EXERCISE OBJECTIVE -
Each line of the listing below must be retyped as given.

INFORMATION PROVIDED -
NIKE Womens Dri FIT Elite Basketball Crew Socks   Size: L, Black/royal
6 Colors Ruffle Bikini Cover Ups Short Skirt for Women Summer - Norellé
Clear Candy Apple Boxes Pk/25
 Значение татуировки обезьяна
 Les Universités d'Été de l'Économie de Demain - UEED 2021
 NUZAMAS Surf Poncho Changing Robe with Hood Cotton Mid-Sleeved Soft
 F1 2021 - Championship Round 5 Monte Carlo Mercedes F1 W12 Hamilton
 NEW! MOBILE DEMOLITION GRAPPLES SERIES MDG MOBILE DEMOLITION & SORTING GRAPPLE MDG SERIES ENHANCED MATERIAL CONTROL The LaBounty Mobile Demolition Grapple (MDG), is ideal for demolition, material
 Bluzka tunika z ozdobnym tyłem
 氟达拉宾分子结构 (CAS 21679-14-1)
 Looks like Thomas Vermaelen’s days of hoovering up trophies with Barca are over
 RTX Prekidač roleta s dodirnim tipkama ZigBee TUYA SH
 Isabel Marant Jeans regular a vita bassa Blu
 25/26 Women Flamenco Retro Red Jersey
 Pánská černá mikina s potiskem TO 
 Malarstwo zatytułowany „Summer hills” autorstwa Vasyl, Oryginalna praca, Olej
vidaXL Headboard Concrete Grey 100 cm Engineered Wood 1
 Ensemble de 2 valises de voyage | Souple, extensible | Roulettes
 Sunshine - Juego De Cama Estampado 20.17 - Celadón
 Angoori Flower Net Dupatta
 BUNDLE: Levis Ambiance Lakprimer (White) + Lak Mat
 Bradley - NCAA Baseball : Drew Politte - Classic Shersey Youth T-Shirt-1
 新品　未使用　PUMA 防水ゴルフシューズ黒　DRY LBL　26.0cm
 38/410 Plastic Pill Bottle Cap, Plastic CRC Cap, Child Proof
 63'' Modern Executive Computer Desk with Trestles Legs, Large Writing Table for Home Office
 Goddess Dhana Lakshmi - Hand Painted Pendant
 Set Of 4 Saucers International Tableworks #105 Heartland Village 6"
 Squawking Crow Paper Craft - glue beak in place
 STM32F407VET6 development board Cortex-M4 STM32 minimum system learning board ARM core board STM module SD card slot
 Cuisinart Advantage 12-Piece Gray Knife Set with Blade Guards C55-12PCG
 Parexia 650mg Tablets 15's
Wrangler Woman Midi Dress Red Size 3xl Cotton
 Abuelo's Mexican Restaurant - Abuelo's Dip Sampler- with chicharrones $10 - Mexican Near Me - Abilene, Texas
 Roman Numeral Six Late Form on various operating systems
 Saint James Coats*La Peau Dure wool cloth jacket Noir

WRITTEN RESPONSE -
NIKE Womens Dri FIT Elite Basketball Crew Socks   Size: L, Black/royal
6 Colors Ruffle Bikini Cover Ups Short Skirt for Women Summer - Norellé
Clear Candy Apple Boxes Pk/25
 Значение татуировки обезьяна
 Les Universités d'Été de l'Économie de Demain - UEED 2021
 NUZAMAS Surf Poncho Changing Robe with Hood Cotton Mid-Sleeved Soft
 F1 2021 - Championship Round 5 Monte Carlo Mercedes F1 W12 Hamilton
 NEW! MOBILE DEMOLITION GRAPPLES SERIES MDG MOBILE DEMOLITION & SORTING GRAPPLE MDG SERIES ENHANCED MATERIAL CONTROL The LaBounty Mobile Demolition Grapple (MDG), is ideal for demolition, material
 Bluzka tunika z ozdobnym tyłem
 氟达拉宾分子结构 (CAS 21679-14-1)
 Looks like Thomas Vermaelen’s days of hoovering up trophies with Barca are over
 RTX Prekidač roleta s dodirnim tipkama ZigBee TUYA SH
 Isabel Marant Jeans regular a vita bassa Blu
 25/26 Women Flamenco Retro Red Jersey
 Pánská černá mikina s potiskem TO 
 Malarstwo zatytułowany „Summer hills” autorstwa Vasyl, Oryginalna praca, Olej
vidaXL Headboard Concrete Grey 100 cm Engineered Wood 1
 Ensemble de 2 valises de voyage | Souple, extensible | Roulettes
 Sunshine - Juego De Cama Estampado 20.17 - Celadón
 Angoori Flower Net Dupatta
 BUNDLE: Levis Ambiance Lakprimer (White) + Lak Mat
 Bradley - NCAA Baseball : Drew Politte - Classic Shersey Youth T-Shirt-1
 新品　未使用　PUMA 防水ゴルフシューズ黒　DRY LBL　26.0cm
 38/410 Plastic Pill Bottle Cap, Plastic CRC Cap, Child Proof
 63'' Modern Executive Computer Desk with Trestles Legs, Large Writing Table for Home Office
 Goddess Dhana Lakshmi - Hand Painted Pendant
 Set Of 4 Saucers International Tableworks #105 Heartland Village 6"
 Squawking Crow Paper Craft - glue beak in place
 STM32F407VET6 development board Cortex-M4 STM32 minimum system learning board ARM core board STM module SD card slot
 Cuisinart Advantage 12-Piece Gray Knife Set with Blade Guards C55-12PCG
 Parexia 650mg Tablets 15's
Wrangler Woman Midi Dress Red Size 3xl Cotton
 Abuelo's Mexican Restaurant - Abuelo's Dip Sampler- with chicharrones $10 - Mexican Near Me - Abilene, Texas
 Roman Numeral Six Late Form on various operating systems
 Saint James Coats*La Peau Dure wool cloth jacket Noir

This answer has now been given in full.